** Task material **
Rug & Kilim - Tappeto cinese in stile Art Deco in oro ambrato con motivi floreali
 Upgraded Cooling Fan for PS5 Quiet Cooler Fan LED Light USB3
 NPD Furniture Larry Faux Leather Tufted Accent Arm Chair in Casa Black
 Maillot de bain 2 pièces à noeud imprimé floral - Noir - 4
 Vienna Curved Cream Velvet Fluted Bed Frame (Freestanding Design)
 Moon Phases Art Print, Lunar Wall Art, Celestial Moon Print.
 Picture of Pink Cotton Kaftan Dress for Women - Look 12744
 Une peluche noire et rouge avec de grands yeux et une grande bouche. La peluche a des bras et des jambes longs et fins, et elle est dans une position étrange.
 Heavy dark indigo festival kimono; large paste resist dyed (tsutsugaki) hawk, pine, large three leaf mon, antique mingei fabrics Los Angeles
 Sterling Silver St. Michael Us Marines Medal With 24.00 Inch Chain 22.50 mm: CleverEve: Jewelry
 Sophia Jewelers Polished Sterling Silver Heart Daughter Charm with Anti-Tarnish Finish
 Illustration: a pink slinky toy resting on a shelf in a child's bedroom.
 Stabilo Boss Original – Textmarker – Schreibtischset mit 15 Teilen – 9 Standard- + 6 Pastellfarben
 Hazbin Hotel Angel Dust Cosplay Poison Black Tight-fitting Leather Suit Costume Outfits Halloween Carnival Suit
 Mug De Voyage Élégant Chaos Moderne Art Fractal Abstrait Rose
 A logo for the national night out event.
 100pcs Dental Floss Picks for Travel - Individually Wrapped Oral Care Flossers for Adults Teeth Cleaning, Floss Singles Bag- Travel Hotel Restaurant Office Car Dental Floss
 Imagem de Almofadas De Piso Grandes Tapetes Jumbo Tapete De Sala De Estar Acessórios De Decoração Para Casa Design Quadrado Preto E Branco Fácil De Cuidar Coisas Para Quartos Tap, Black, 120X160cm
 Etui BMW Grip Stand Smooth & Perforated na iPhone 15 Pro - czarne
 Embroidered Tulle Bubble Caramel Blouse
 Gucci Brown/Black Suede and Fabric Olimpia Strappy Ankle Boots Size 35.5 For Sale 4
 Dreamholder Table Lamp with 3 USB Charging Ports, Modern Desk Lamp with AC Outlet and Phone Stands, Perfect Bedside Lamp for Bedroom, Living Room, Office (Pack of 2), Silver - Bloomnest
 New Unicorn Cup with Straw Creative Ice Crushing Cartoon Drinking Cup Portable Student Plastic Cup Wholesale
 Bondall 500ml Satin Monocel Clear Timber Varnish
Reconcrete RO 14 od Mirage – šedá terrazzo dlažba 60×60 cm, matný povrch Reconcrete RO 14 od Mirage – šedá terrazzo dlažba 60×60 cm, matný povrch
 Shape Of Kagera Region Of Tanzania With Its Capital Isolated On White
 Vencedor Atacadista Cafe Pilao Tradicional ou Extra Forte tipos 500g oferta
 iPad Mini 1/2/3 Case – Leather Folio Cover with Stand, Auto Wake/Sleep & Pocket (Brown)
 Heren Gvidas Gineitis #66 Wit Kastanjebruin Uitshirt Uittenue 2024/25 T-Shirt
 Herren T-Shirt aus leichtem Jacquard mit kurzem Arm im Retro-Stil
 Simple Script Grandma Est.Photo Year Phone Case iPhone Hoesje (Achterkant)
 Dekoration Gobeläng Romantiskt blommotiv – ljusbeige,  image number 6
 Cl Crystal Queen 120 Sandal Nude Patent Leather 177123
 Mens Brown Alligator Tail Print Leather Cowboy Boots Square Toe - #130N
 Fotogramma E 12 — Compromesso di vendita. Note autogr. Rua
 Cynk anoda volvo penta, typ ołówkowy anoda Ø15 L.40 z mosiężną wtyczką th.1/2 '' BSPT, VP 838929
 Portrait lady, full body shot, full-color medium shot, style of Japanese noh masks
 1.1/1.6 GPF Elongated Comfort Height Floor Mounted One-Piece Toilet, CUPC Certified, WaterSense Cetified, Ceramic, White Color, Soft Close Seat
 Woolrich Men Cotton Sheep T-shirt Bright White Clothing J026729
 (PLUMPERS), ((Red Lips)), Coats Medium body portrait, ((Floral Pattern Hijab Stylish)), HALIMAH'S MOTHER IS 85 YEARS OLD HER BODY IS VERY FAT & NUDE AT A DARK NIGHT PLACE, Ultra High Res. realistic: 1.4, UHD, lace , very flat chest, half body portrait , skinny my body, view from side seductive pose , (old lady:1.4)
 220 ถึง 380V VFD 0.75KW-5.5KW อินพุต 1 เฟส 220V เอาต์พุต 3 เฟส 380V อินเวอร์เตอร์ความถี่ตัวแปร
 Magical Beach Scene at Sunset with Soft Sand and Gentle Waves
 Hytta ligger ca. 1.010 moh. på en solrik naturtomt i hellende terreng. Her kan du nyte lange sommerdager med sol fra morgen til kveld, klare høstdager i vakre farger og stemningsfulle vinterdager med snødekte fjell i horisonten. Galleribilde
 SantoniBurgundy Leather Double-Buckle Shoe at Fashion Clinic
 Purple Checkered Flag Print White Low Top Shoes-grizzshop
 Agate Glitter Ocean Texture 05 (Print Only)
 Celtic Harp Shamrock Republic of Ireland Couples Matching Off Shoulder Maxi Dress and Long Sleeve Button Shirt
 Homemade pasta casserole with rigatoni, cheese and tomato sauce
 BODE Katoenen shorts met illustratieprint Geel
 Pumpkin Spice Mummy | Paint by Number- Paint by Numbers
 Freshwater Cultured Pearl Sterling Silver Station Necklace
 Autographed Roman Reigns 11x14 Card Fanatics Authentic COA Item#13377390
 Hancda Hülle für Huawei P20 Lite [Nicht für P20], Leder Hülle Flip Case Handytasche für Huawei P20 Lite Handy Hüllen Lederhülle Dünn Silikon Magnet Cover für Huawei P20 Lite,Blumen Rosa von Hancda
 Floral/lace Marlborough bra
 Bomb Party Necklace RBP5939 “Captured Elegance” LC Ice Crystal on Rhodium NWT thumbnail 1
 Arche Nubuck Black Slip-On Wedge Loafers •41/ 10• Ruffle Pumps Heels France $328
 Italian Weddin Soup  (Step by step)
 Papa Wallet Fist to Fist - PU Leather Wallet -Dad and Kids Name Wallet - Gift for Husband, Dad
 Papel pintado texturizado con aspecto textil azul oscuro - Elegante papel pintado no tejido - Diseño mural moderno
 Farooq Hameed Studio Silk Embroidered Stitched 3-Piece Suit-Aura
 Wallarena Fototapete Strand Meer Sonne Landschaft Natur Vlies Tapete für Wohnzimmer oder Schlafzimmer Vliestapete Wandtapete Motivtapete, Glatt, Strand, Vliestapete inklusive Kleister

** Exercise **
Should a line in the material contain "Sterling", copy it.

** Response for this exercise **
 Sterling Silver St. Michael Us Marines Medal With 24.00 Inch Chain 22.50 mm: CleverEve: Jewelry
 Sophia Jewelers Polished Sterling Silver Heart Daughter Charm with Anti-Tarnish Finish
 Freshwater Cultured Pearl Sterling Silver Station Necklace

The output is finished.